One of my favorite bloggers is Anthony Cody. Anthony is an experienced teacher of science in California. I always learn by reading his blog “Living in Dialogue.” He recently offered his column to a teacher in Florida to explain how his or her evaluation was affected by “value-added modeling” or VAM.
The idea behind VAM is that teachers should be evaluated based on the rise or fall of their students’ test scores. Arne Duncan made VAM a requirement of the Race to the Top program, despite the lack of any studies or research validating this practice and despite ample warnings that it was invalid and would mislabel teachers as effective or ineffective. Nonetheless, many states pushed through legislation requiring that teachers be evaluated in part by their students’ changing scores. If the scores went up, they were a good teacher; if they did not, they were an ineffective teacher.
This idea was embraced most warmly by very conservative Republican governors like Rick Scott in Florida, where VAM accounts for fifty percent of a teacher’s evaluation. In the column cited here, the Florida teacher explains how it works and how absurd it is. This teacher teaches social studies to students in the 9th and 10th grades. When he/she went to get his evaluation, it turned out that the administrator had no idea how VAM would work, especially since the Florida test does not test social studies for 9th and 10th graders. At first, the teacher was told that his/her evaluation would be based on the whole school’s scores–not just the students in his/her classes–but then he/she convinced the administrator that the evaluation should be based only on those in his/her particular classes. That took a while to figure out. The teacher got the FCAT scores in May, but it took the district or state three months to prepare the teachers’ VAM using those scores.
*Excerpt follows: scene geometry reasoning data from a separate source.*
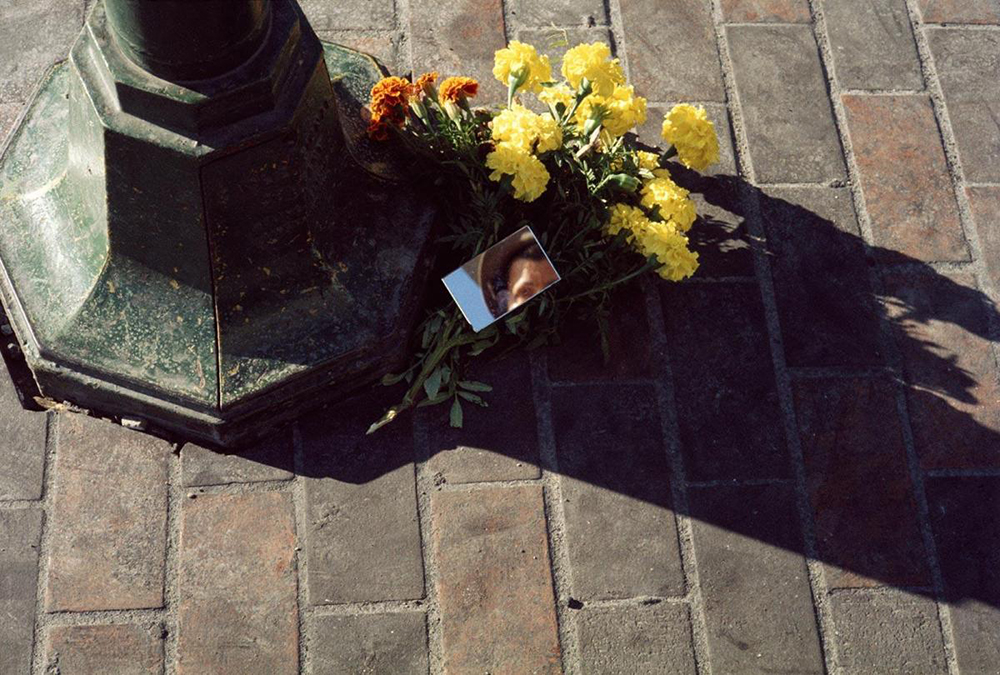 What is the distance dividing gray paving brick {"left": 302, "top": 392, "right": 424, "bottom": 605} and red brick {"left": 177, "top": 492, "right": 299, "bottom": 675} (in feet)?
0.25

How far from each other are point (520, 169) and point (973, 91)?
171cm

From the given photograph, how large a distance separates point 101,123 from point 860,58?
2390 millimetres

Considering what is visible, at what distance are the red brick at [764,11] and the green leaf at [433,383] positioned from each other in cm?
161

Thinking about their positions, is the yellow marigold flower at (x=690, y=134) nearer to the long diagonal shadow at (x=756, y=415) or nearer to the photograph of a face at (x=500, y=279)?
the long diagonal shadow at (x=756, y=415)

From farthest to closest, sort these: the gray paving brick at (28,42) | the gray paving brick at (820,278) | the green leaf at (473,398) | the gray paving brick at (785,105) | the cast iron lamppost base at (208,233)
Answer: the gray paving brick at (785,105), the gray paving brick at (28,42), the gray paving brick at (820,278), the green leaf at (473,398), the cast iron lamppost base at (208,233)

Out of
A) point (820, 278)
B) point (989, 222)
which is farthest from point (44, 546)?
point (989, 222)

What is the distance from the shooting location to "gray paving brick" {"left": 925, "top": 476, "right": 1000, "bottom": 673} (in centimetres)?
279

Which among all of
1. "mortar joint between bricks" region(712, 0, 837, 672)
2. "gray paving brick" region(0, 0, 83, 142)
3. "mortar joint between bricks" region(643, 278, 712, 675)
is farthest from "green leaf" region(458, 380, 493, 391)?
"gray paving brick" region(0, 0, 83, 142)

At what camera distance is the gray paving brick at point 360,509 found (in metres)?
2.74

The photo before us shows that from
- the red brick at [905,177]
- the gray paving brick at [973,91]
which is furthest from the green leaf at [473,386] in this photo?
the gray paving brick at [973,91]

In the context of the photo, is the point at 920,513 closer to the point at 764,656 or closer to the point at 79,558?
the point at 764,656

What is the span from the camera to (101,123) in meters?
2.42

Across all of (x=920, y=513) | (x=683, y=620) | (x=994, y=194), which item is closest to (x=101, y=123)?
(x=683, y=620)

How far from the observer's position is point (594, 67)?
9.23ft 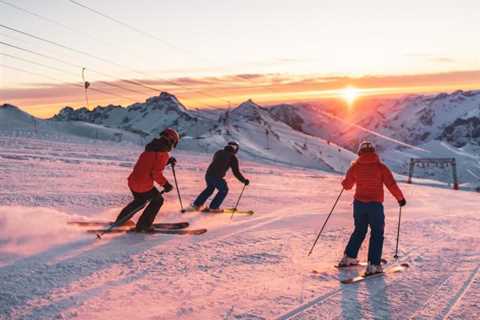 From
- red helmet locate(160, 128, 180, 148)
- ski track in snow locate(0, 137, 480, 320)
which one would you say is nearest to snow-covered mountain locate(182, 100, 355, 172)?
ski track in snow locate(0, 137, 480, 320)

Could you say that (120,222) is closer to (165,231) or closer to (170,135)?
(165,231)

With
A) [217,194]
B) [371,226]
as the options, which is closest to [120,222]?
[217,194]

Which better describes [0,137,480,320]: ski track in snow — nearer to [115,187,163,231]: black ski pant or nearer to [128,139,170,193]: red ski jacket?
[115,187,163,231]: black ski pant

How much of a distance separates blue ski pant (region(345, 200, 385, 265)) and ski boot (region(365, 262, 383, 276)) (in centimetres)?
5

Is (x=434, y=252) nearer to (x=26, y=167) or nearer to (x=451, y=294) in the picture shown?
(x=451, y=294)

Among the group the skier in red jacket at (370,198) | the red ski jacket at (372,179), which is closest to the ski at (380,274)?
the skier in red jacket at (370,198)

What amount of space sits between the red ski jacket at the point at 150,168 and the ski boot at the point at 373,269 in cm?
391

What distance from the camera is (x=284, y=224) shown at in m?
11.6

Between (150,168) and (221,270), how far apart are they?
9.34ft

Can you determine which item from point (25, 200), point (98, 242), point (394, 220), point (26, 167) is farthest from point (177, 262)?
point (26, 167)

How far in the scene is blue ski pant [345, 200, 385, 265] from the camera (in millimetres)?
7504

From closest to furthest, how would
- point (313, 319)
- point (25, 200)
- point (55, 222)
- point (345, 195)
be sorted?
point (313, 319) → point (55, 222) → point (25, 200) → point (345, 195)

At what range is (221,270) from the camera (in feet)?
23.9

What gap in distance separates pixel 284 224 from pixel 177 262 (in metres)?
4.47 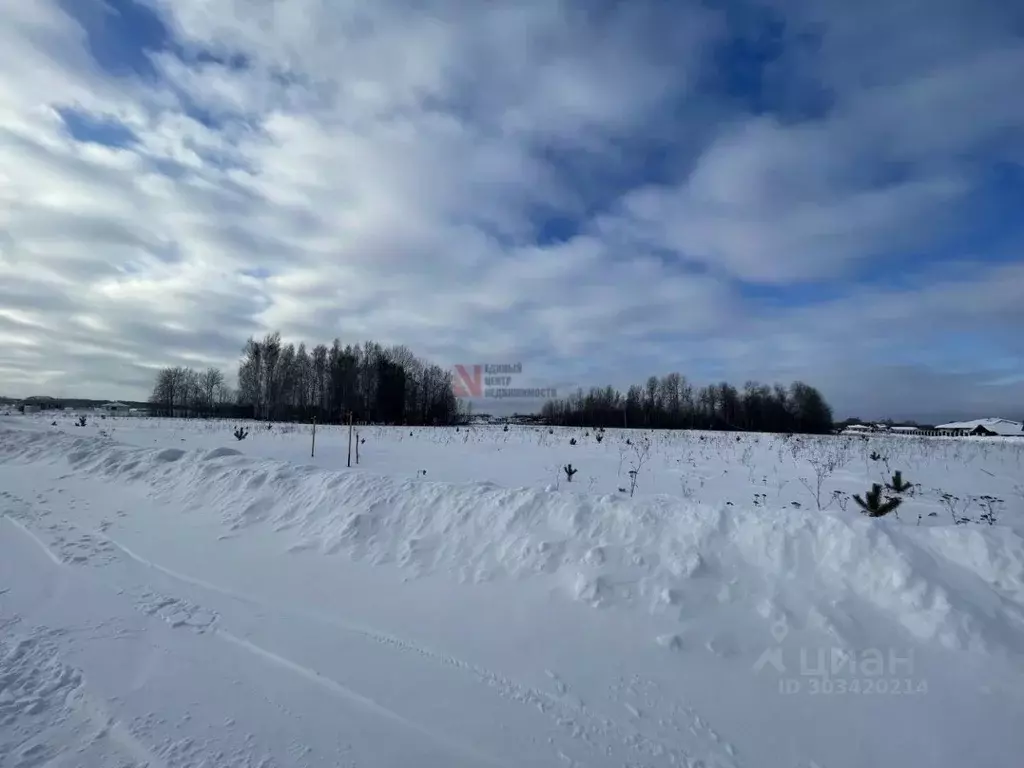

By the end of the blog, it is obvious that the calculation of VAM is confusing, non-scientific, and inherently unrelated to teacher performance. It will be used to take away teachers’ due process rights and any protection for their freedom of speech. It is a weapon created to harass teachers. As this teacher concludes:
As someone who is not comfortable living life on my knees with duct tape over my mouth (you may have figured this out by now if you have been reading this blog for any length of time), I am not comfortable working on an annual contract. Teachers must be able to voice their concerns about administrative decisions that harm students without fear of losing their jobs. Eliminate continuing contracts and a culture of complacency, sycophants and fear will rule the schools. Senate Bills passed in state after Race to the Top state have included VAMs as a major portion of teacher evaluations all in the name of “Student Success” and “Educational Excellence” when in reality they have been immaculately designed to end the teaching profession as we know it and free state and districts from career teachers with pension aspirations. Some may brush me off as your typical history teacher conspiracy nut, but my daddy didn’t raise no sucker. VAM is a scam.
Diane

It sounds as if the teacher got a score similar to a NY SLO. It is nonsense akin to gambling based on no true data at all. Although I despise the whole system, he would have been better of taking the whole school score. In the end, everyone in the school contributes to each student’s learning. Isn’t that what we want?
LikeLike
AMEN, Diane! This is just getting rolled out in Wisconsin. VAM is a scam, idiotic, demeans the profession, is statistically and research flawed, and displays total denial of how children learn.
LikeLike
Diane and fellow blog readers. this is a great youtube animation that I found a couple years back called “Race from the Axe” I uesed to consider it a parody of satirical sorts providing some nice cynicism regarding the direction we were headed at the time. Now it is becoming more apparent than ever that it is more of a sad reality. It has a nice component related to VAM.
enjoy,
Jim
LikeLike
Fantastic, creative video Jim, that really nails it! “Race from the Axe”!
LikeLike
Mark, thanks but just to be clear all I did was post it. Found it on youtube a few years back. To people who follow education policy closely, it’s easy for us to transcend and visualize the bigger picture by reading words alone. This video really brings the insanity to life for someone who might not be as in tune to the constant attack the govt and reformers wage on education these days. Glad you enjoyed and pass it on.
Jim
LikeLike
The pressure for high test scores to stay high at the top-performing elementary (gifted centers) schools in Chicago appears to have led to some odd manipulations.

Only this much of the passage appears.